È vero che “un paese vuol dire non esser soli” (Pavese). Ma il paese ha il suo abitato. E il nostro abitato, il mio abitato, è racchiuso nel padre, nella madre, nelle vie che a loro portavano, in una casa che, tra le pareti, è trascritto una vita, un tempo, uno spazio, una geografia di cuori che sono diventati frammenti di malinconie.
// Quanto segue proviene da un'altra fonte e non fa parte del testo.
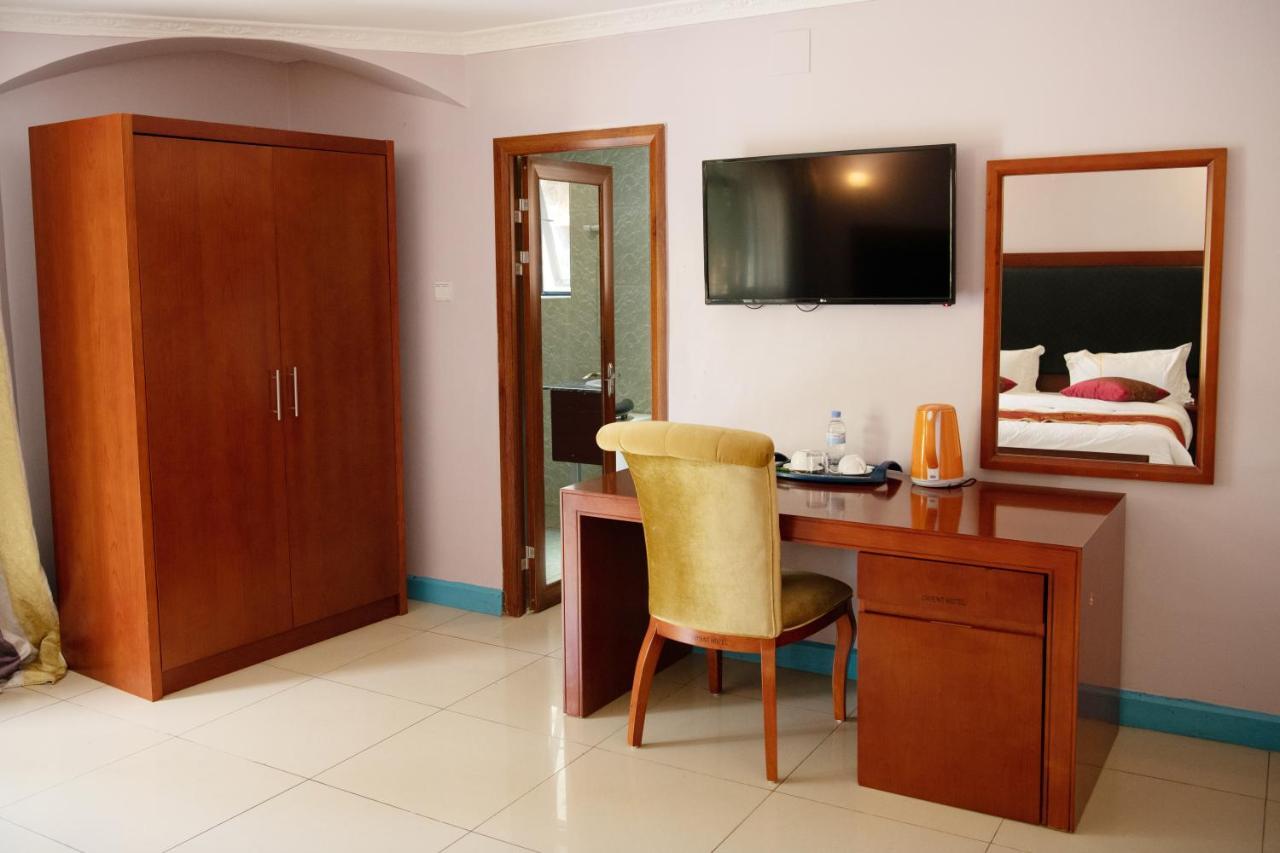 Orient Park Hotel คิกาลี ภายนอก รูปภาพ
Si potrà vivere ancora di memorie? E forse siamo qui per scrivere di noi e scrivendo di noi loro continuano ad abitare le nostre parole. Lui loro i nostri padre il padre che non smette di restare dentro di noi. L’incipit del “romanzo – diario” ha questa cesellatura: “Oggi la mia vecchia anima è priva di luce. Non ha nessuno con cui dialogare”. Ma non è solitudine. È conquista del proprio essere nell’esistere e viceversa. Ma non posso continuare a scrivere su questo libro di Tonino perché è come scrivere di me. Di noi. Dei nostri padri che sono andati via trasmettendoci verità silenzi e onore.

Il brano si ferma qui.